■ The problem:
Scan the records below for the line with "17513B7 Alaska License Plate" and the line with "Vintage La Tour". Repeat those two lines and every line between them exactly, and nothing else.

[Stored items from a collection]
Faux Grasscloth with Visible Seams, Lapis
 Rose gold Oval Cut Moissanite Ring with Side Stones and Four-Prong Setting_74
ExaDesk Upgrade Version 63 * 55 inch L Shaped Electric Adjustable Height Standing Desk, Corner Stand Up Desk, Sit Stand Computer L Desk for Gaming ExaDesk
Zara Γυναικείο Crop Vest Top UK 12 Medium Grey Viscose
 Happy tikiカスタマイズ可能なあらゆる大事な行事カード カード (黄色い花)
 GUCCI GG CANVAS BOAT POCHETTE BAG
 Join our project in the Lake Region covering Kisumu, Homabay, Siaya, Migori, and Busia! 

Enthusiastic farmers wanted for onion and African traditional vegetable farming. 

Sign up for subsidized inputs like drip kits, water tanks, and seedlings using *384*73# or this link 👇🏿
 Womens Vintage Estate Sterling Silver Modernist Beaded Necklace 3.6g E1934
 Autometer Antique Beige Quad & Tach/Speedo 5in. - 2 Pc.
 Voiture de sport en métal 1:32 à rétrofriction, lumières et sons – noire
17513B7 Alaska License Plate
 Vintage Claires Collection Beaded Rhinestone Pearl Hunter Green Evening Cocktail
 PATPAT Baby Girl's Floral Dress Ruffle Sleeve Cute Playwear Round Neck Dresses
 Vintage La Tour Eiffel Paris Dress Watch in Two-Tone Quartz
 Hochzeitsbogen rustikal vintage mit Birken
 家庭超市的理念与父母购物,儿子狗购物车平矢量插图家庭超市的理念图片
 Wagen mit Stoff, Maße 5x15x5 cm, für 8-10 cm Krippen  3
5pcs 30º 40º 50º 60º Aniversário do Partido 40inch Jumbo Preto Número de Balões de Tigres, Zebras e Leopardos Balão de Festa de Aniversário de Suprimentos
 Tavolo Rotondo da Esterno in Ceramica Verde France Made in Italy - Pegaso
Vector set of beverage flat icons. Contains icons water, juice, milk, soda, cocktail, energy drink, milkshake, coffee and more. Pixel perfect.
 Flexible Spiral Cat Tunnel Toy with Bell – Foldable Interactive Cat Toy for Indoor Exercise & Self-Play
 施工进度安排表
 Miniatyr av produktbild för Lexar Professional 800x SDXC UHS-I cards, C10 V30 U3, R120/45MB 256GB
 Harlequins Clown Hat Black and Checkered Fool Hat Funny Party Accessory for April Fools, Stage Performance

■ Solution for this problem:
17513B7 Alaska License Plate
 Vintage Claires Collection Beaded Rhinestone Pearl Hunter Green Evening Cocktail
 PATPAT Baby Girl's Floral Dress Ruffle Sleeve Cute Playwear Round Neck Dresses
 Vintage La Tour Eiffel Paris Dress Watch in Two-Tone Quartz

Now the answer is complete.